Tomorrow's collaboration between U.S. history and American literature classes, the subject of which will be the Harlem Renaissance, will feature a discussion of the poetry of Langston Hughes, and dramatic, cinematic renderings of "The Weary Blues." We will also see a version of "Strange Fruit."
In addition, we'll survey some of "The Black Christ," (1929) a famous Countee Cullen piece, as well as other representations of a Black Jesus during this period and beyond.
W.E.B. Du Bois, for example, wrote short stories for The Crisis that featured Black Christs as prophetic, redemptive figures, either teaching about hard work and economic equality, such as in a story titled "The Sermon on the Tower," or as a lynched figure where the noose is considered a sign of salvation (i.e., "The Son of God" from a 1933 Crisis issue).
We will discuss the importance of these stories in light of recent "noose incidents" (see map) and images of a Black Jesus in 20th and 21st century culture. This provides an interesting contrast to Mel Gibson's depiction of a European-looking Jesus in The Passion of the Christ.

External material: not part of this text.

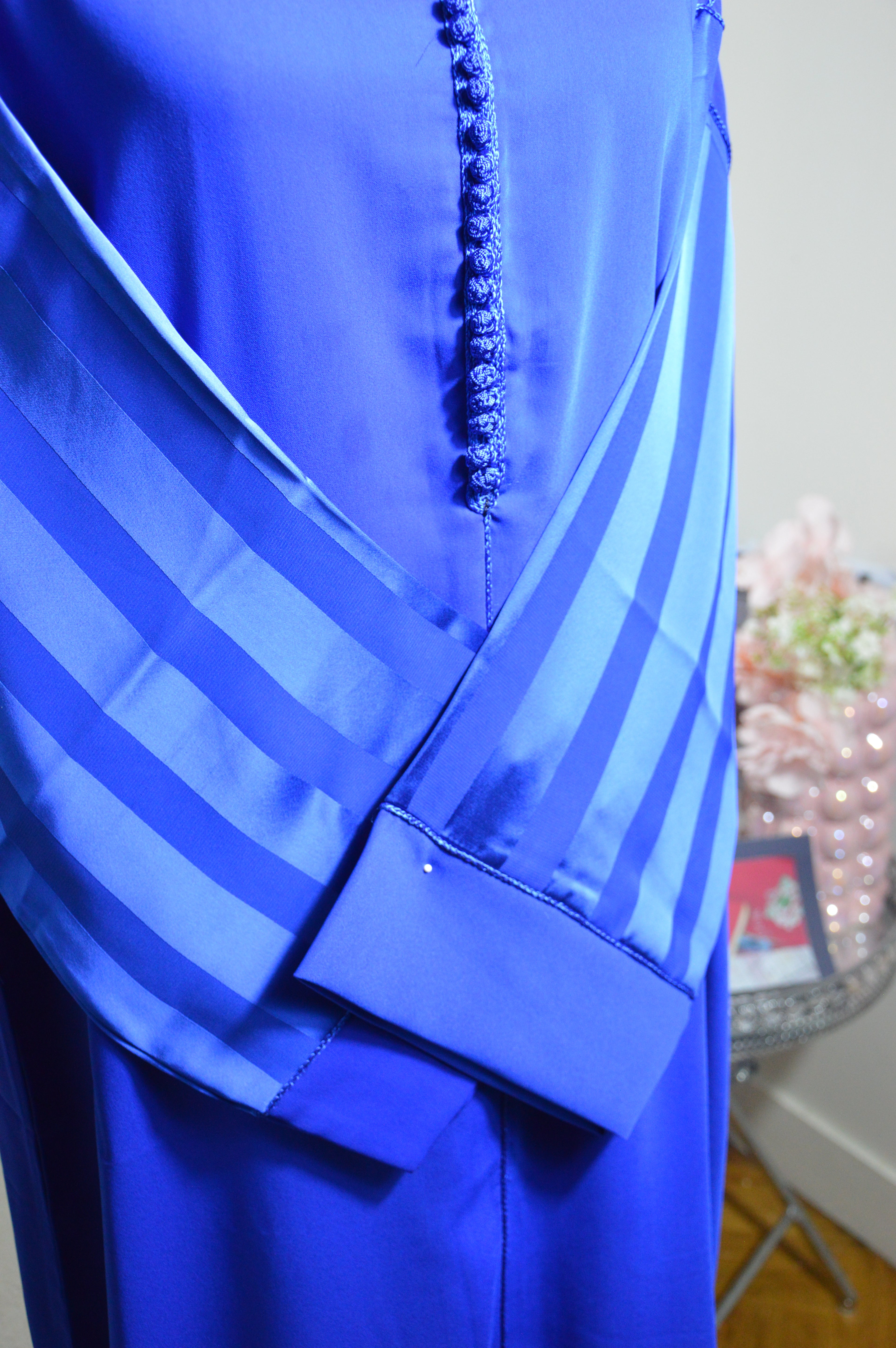 Jellaba Johara Bleu - Djellaba Marocaine de Luxe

These topics and many more will complete the discussion by analytically incorporating art, culture, and religion.
We will examine selections from the Countee Cullen pieces below.

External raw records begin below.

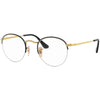 Ray-Ban Round Gaze RB3947VL 2946 51 - Preto / Dourado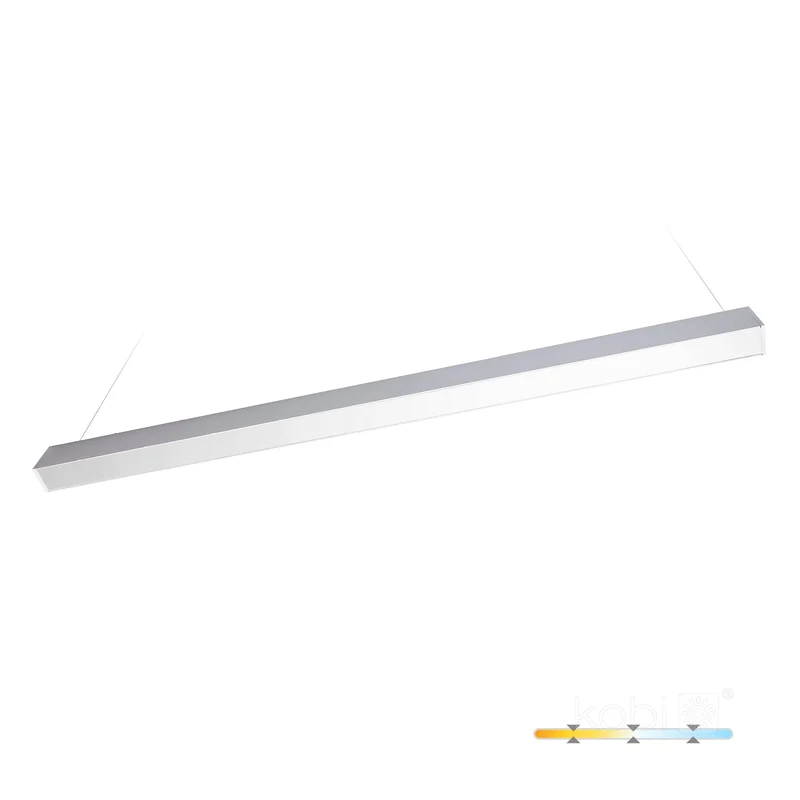 LED Linear Pendelleuchte | Bürolampe | Weiß | 120cm | 20W | Einstellbare CCT-Lichtfarbe | KOLINE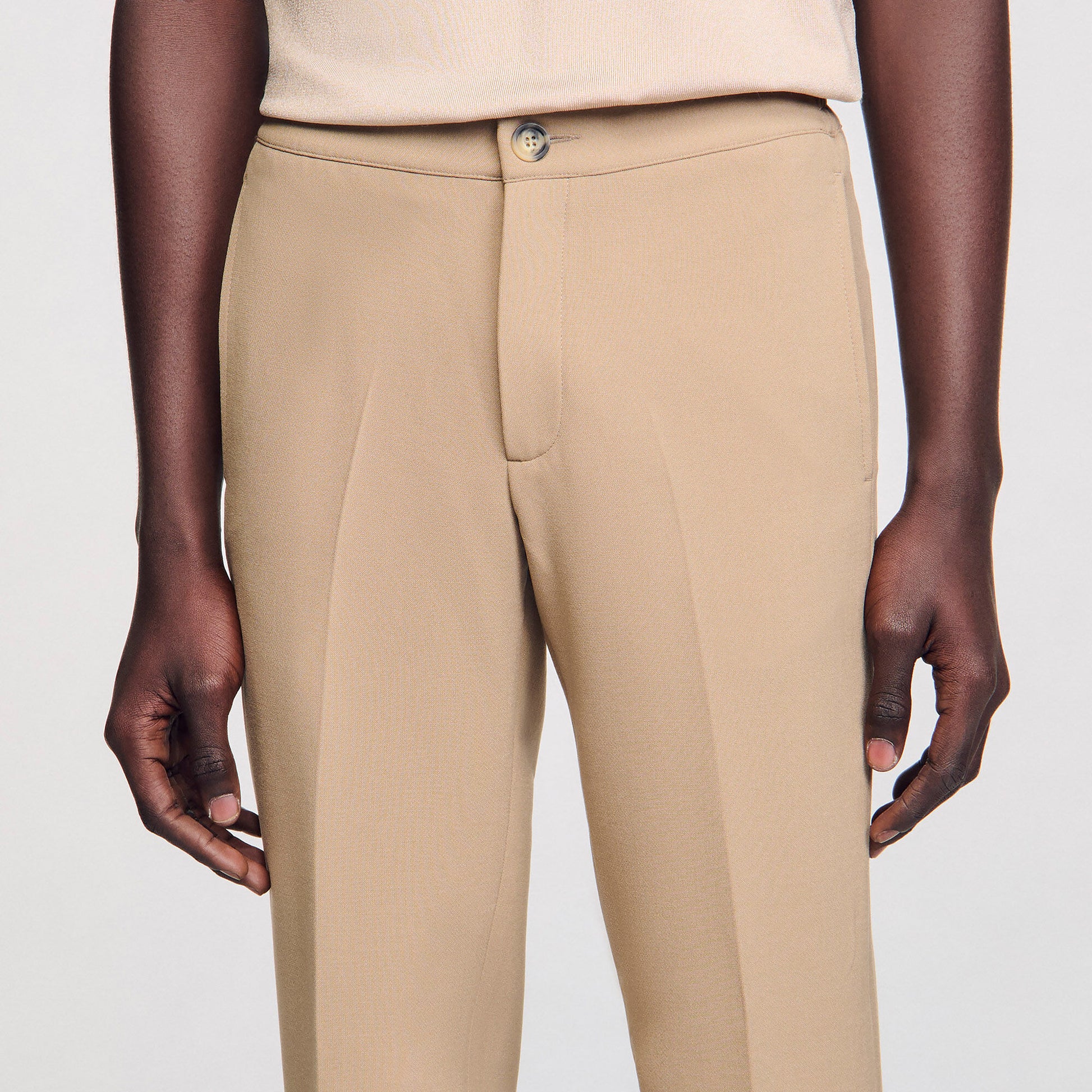Sandro Jersey trousers Beige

"Christ Recrucified" (1922)
The South is crucifying Christ again
Christ's awful wrong is that he's dark of hue
The sin for which no blamelessness atones;
But lest the sameness of the cross should tire,
They kill him now with famished tongues of fire,
And while he burns, good men, and women, too,
Shout, battling for his black and brittle bones.
"The Black Christ" (1929)
O Form immaculately born,
Betrayed a thousand times each morn,
As many times each night denied,
Surrendered, tortured, crucified!
That love which has no boundary;
Our eyes have looked on Calvary (135-136).